## EXERCISE DIRECTIONS:
Could you write out every record below exactly, leaving the pictures out?
━━━ AVAILABLE DATA
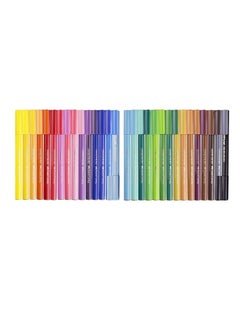 FABER-CASTELL Faber-Castell Connector Felt Pen 30 Color In A Case Multicolor  - Image 2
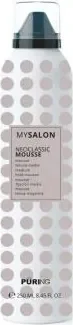 Мусс для укладки волос Puring My Salon быстросохнущий (250мл) — фото 3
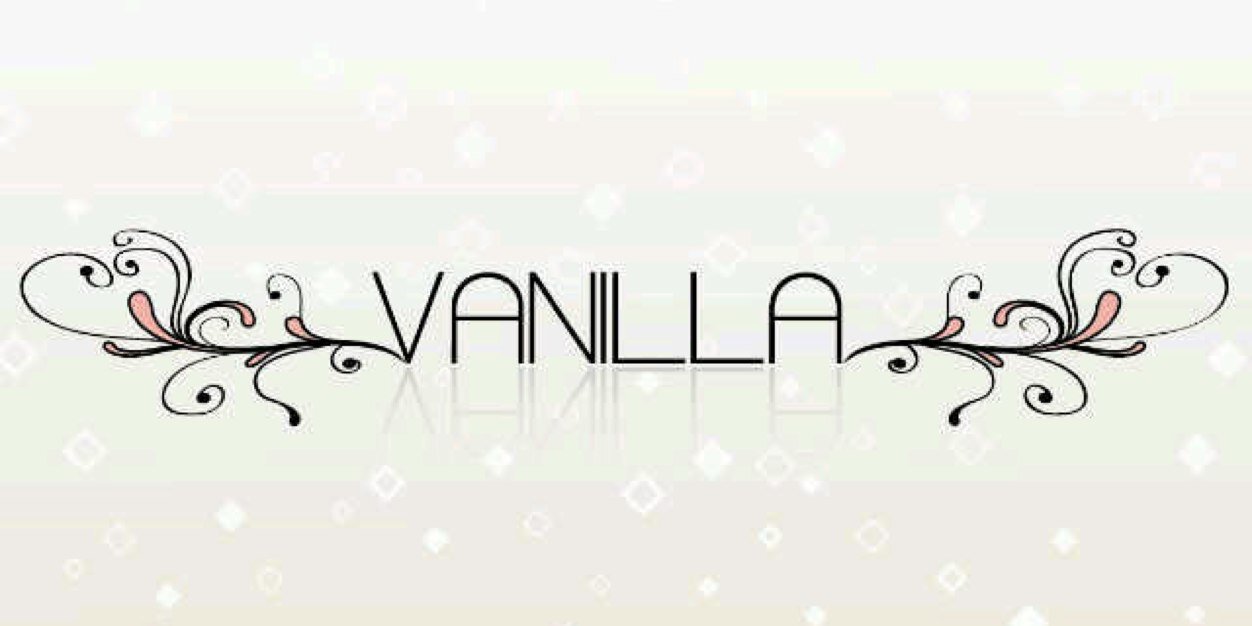 Vanilla OFFICIAL banner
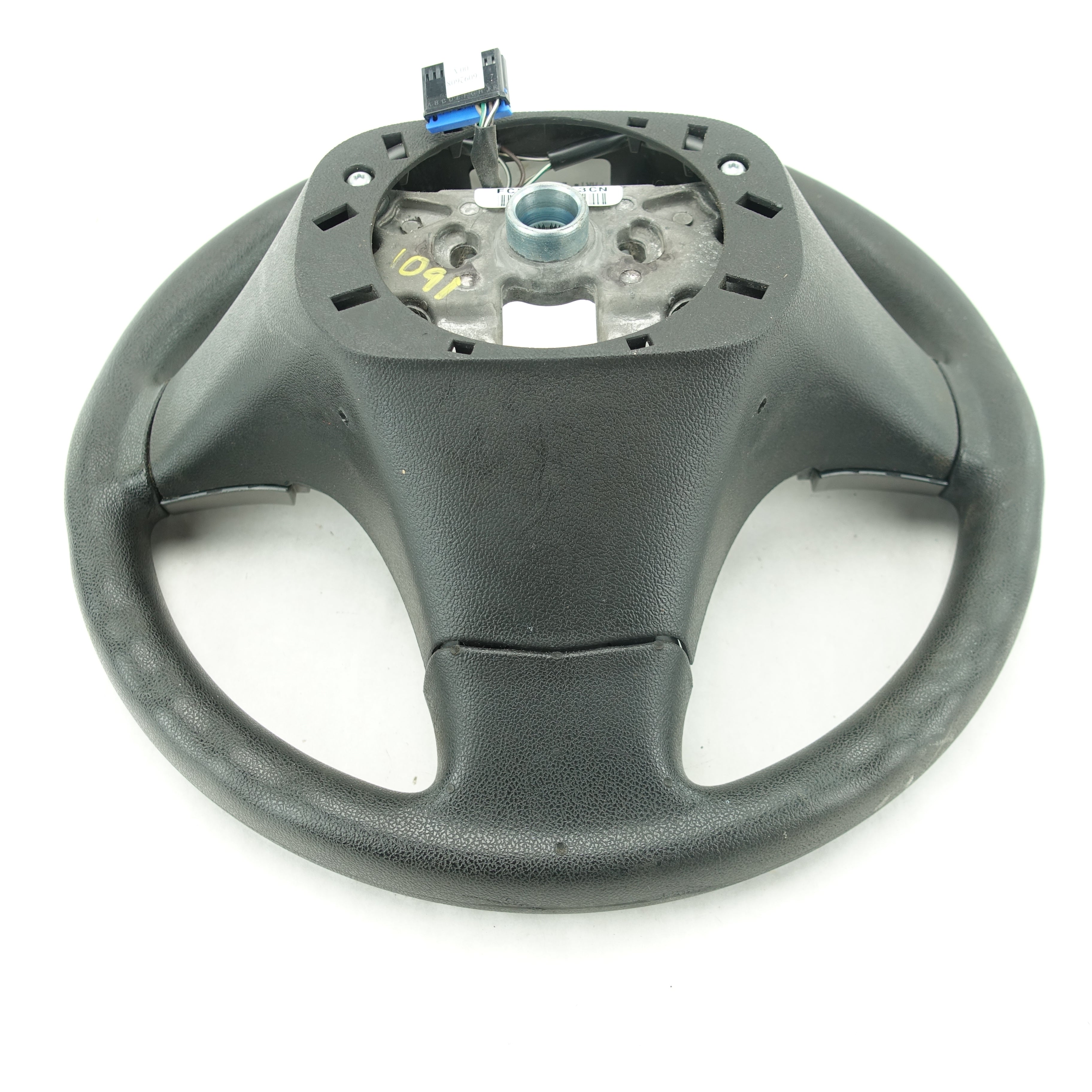 2007 2008 2009 2010 Chevy Cobalt Steering Wheel Black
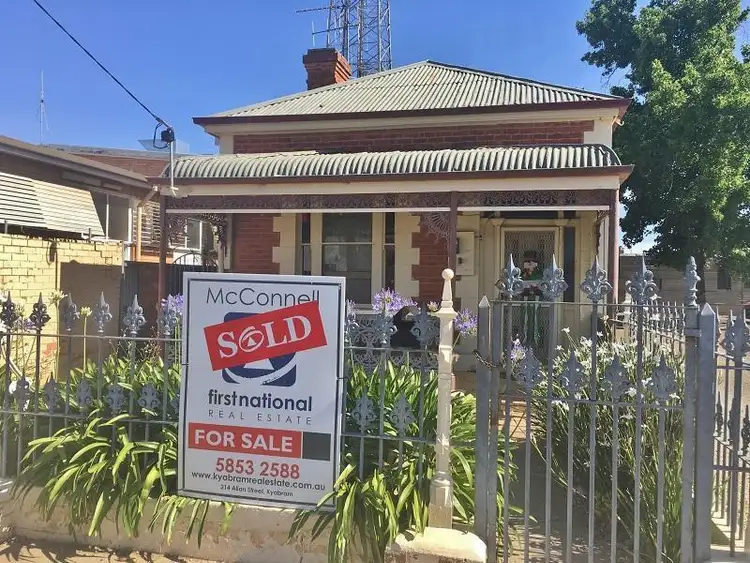Main view of Homely house listing, 10 Bradley Street, Kyabram VIC 3620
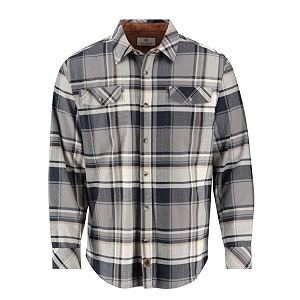 Legendary Whitetails Mens Legendary Flannel Shirt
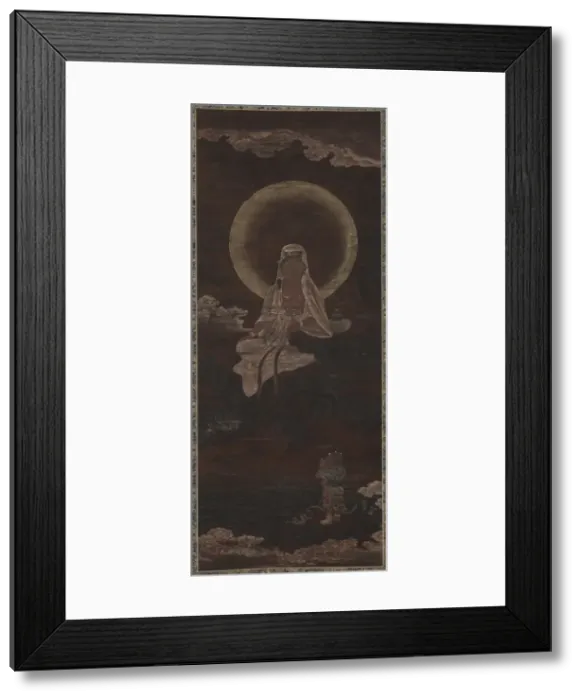 Framed Print : Avalokitesvara, c. 1500. Creator: Unknown Framed Print : Avalokitesvara, c. 1500. Creator: Unknown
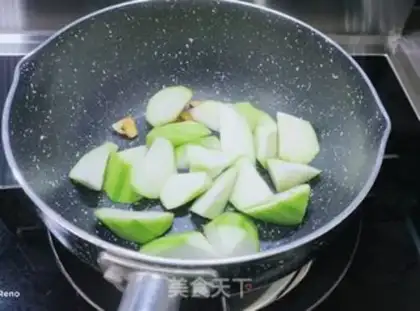 Make Smelt and soup step 3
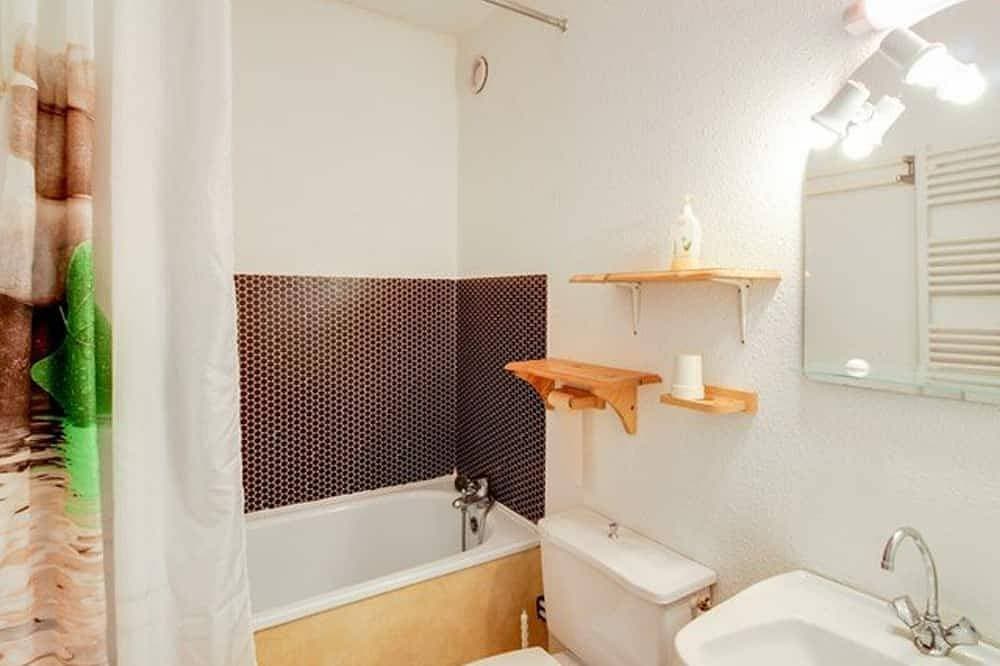 Foto 5 von 10: Helle 2-Zi.-Wohnung, 6 Pers., Parkplatz, in der Nähe von Geschäften und Skifahren
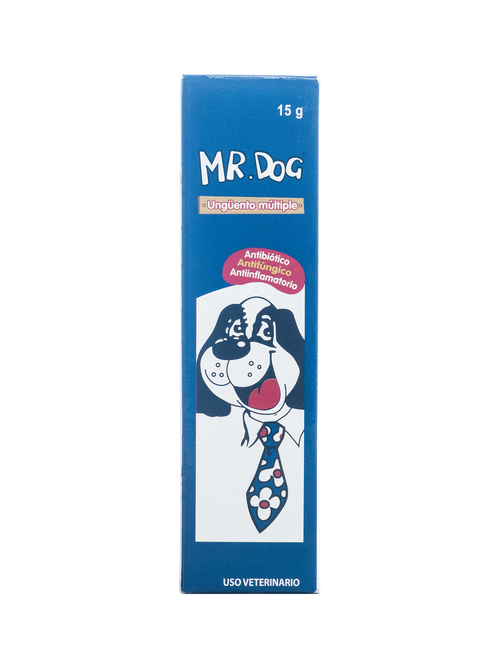Mr.Dog Ungüento Múltiple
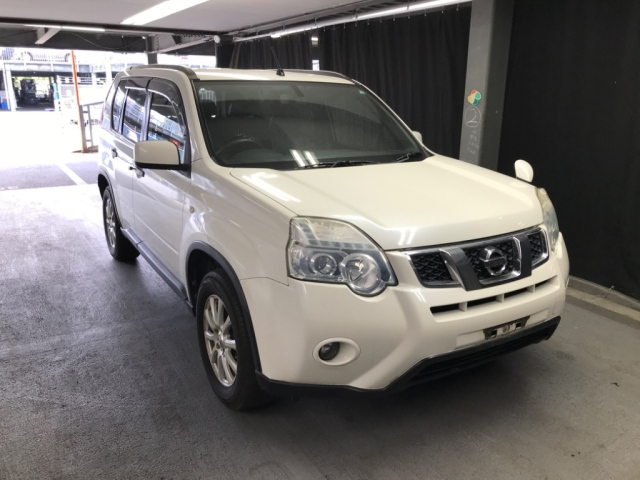 NISSAN X-TRAIL 2013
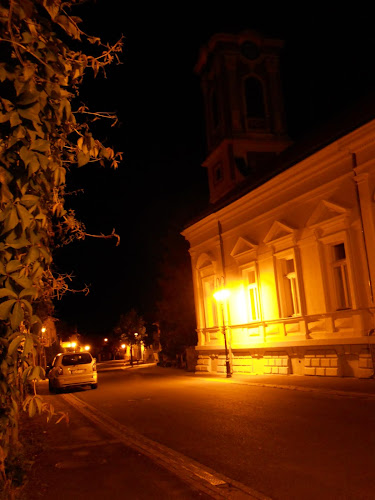 Tokaji Szent Miklós ortodox templom - Tokaj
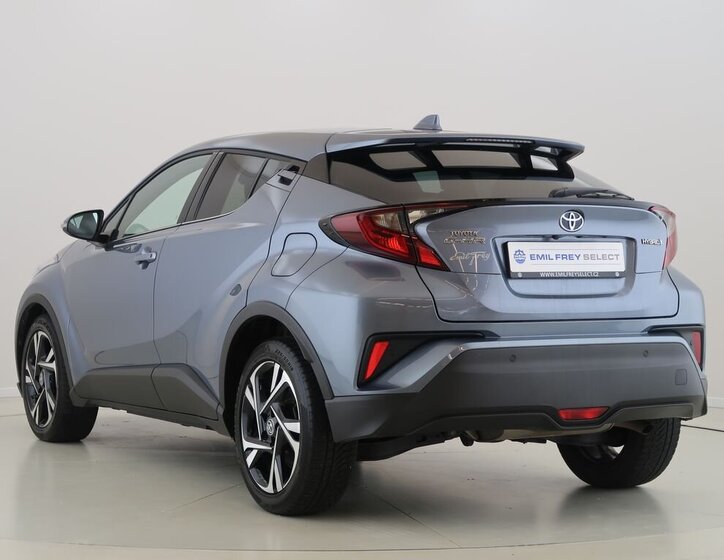 Toyota C-HR Hatchback 1,8 l 72 kw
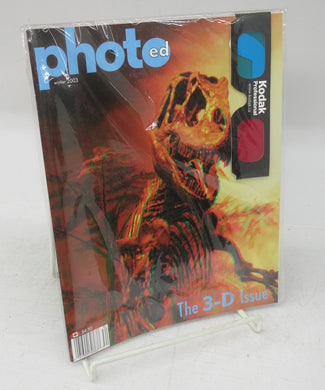 photoED Magazine: The 3-D Issue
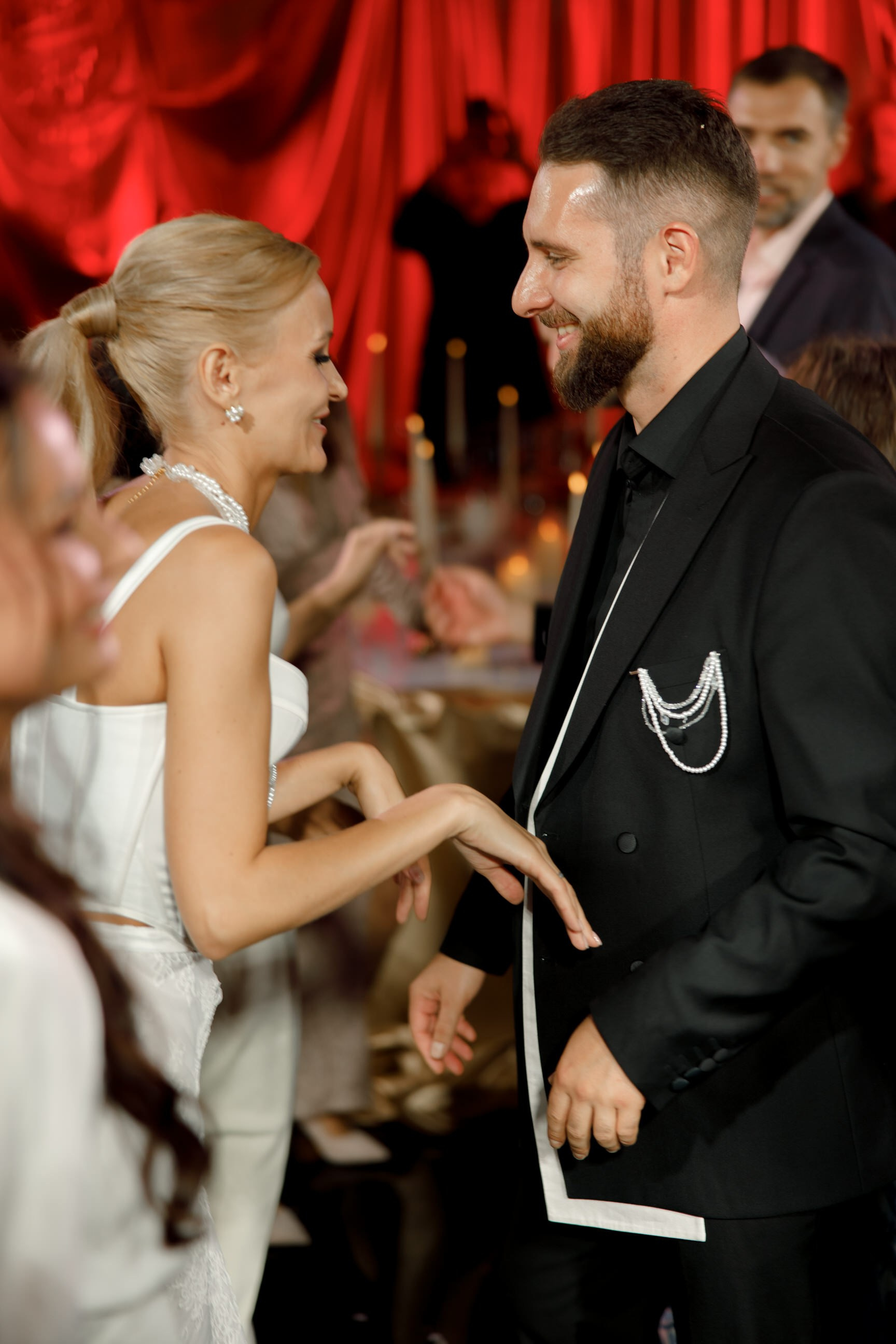 Татьяна & Дмитрий. Yura Rush Свадебный фотограф Тюмень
━━━━━━
## ANSWER FOR THIS EXERCISE:
 FABER-CASTELL Faber-Castell Connector Felt Pen 30 Color In A Case Multicolor  - Image 2
 Мусс для укладки волос Puring My Salon быстросохнущий (250мл) — фото 3
 Vanilla OFFICIAL banner
 2007 2008 2009 2010 Chevy Cobalt Steering Wheel Black
Main view of Homely house listing, 10 Bradley Street, Kyabram VIC 3620
 Legendary Whitetails Mens Legendary Flannel Shirt
 Framed Print : Avalokitesvara, c. 1500. Creator: Unknown Framed Print : Avalokitesvara, c. 1500. Creator: Unknown
 Make Smelt and soup step 3
 Foto 5 von 10: Helle 2-Zi.-Wohnung, 6 Pers., Parkplatz, in der Nähe von Geschäften und Skifahren
Mr.Dog Ungüento Múltiple
 NISSAN X-TRAIL 2013
 Tokaji Szent Miklós ortodox templom - Tokaj
 Toyota C-HR Hatchback 1,8 l 72 kw
 photoED Magazine: The 3-D Issue
 Татьяна & Дмитрий. Yura Rush Свадебный фотограф Тюмень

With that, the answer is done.